In 1956 Wynter married celebrity divorce lawyer Greg Bautzer, which gave her a financial security that would have allowed her to leave Fox, but the studio refused to break her seven-year contract. Finally free from in in 1961, she continued to work in TV, appearing as a guest star in numerous shows, and did the occasional movie role, perhaps most notably in John Huston’s The List of Adrian Messenger (1963) and the classic Airport (1970). Relocating to Ireland, she created a second career for herself as a journalist in the eighties after divorcing her divorce lawyer and leaving acting behind. She passed away in 2011, the same year as co-star Kevin McCarthy.

King Donovan is one of my favourite actors of the fifties SF movies, and unfortunately criminally underused. One of his largest roles was the second lead as Richard Carlson’s investigator partner in Ivan Tors’ surprisingly good The Magnetic Monster (1953, review). He had a walk-on part in The Beast from 20,000 Fathoms (1953, review) and another blink-or-you’ll-miss-it role in Tors’ Riders to the Stars (1954, review), and a third one in the SF comedy Nothing Lasts Forever (1984, review), which remained his last film before his death from cancer in 1987. A man of both comedic and serious acting talent, Donovan often played wholesome white picket fence types, clerks, scientists, middle-class fathers and neighbours. The son of two vaudeville performers, he cut his teeth in the Butler Davenport Free Theatre in New York in his teens, a socialist off-Broadway troupe offering audiences free tickets. Like McCarthy and Wynter, he perhaps felt more at home on stage and in TV than on the film set. However, musical comedy fans remember him for his portrayal of the saturnine assistant director in Singin’ in the Rain (1952), or as Solly in The Defiant Ones (1958), starring Tony Curtis and Sidney Poitier. His many TV appearances include the recurring role of Harvey Helm on the Bob Cummings sitcom Love That Bob! and Herb Thornton on the 1965-66 family comedy Please Don’t Eat the Daisies. Long married to comedienne Imogene Coca, King Donovan frequently co-starred with his wife in such stage productions as The Girls of 509 and his last theatrical effort, 1982’s Nothing Lasts Forever. Donovan dabbled in directing, and is perhaps best remembered for directing the 1963 production Promises, Promises, which is historically significant for being the first American mainstream movie to feature its female star fully nude. The star in question was Jayne Mansfield.

Carolyn Jones is the most famous of the four lead actors, and the one that somehow leaves the least impression on me. Jones is perfect as King Donovan’s nervous wife, but for some reason or the other just doesn’t stand out — her role is rather inconsequential.
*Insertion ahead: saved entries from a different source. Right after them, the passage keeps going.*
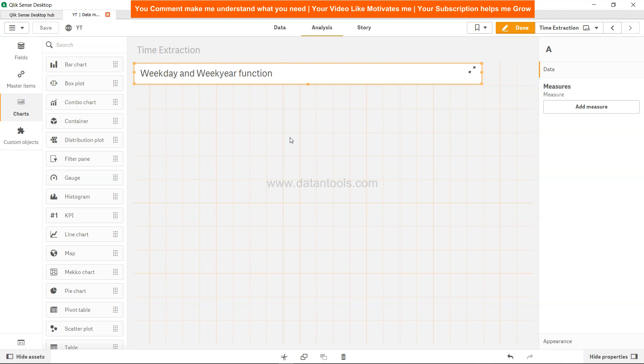Hi there, welcome to the new Qlik Sense video tutorial. In this video tutorial we will look at the weekday and weekyear function within Qlik Sense.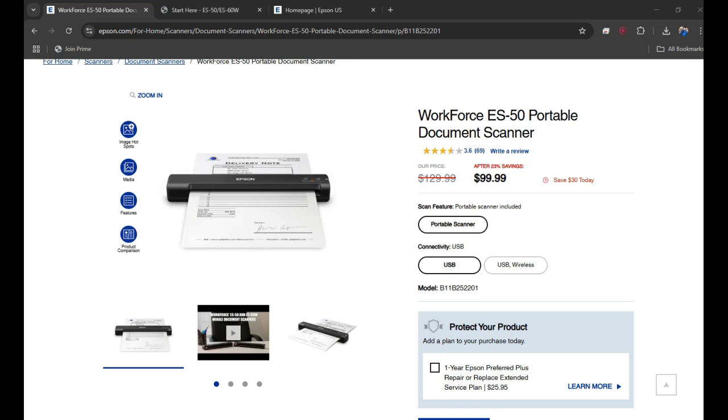Hello everyone, welcome back to my channel. In today's video I'm going to show you how you can set up your WorkForce ES-50 portable document scanner on your computer.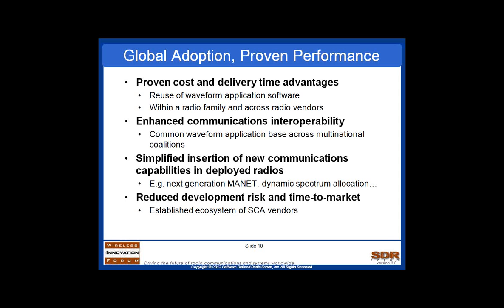This can be seen in a couple of different ways. In multinational coalitions, a number of nations collaborate on the development of a platform based on the SCA and a common waveform used on all member nations' platforms, ensuring interoperability. Another way is how it's been done in the U.S. with the JTRS and now the JITNIC model, where a waveform application is defined by the U.S. government, developed by one vendor, and then made available to all other vendors to put on their own radio platforms.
After training for the stage, Jones secured a contract with Paramount in 1952, and appeared in small roles in film and larger ones in TV. Compared to Wynter, she was a veteran, and Wynter says she was the only one on the set of Invasion of the Body Snatchers she didn’t get along with. She says she learned a lot from Jones, among other things how not to behave toward fresh, young actresses. Jones was often cast in somewhat kooky, nervous or edgy roles, and was instantly classic in her short, black hair in the 1957 film The Bachelor (she’s the one uttering the classic line “Just say you love me. You don’t have to mean it!”. Her eight minutes on screen earned her an Academy Award nod, and a Golden Globe Award for “new star of the year”. Her final breakthrough came in 1964 when she was cast as Morticia Addams on the TV show The Addams Family. However, the show was cancelled after two years, partly because of stiff competition from The Munsters and Bewitched, and her typecasting now led to troubles finding roles. She returned to the stage, but made a comecback in Hollywood in the mid-seventies, and had good success as a guest star on numerous TV shows, including Wonder Woman (1976-1977) where she played the titular character’s mother Queen Hyppolita. In 1982 she secured a recurring role on the soap opera Capitol, even though she was already diagnosed with terminal cancer. She passed away in 1983.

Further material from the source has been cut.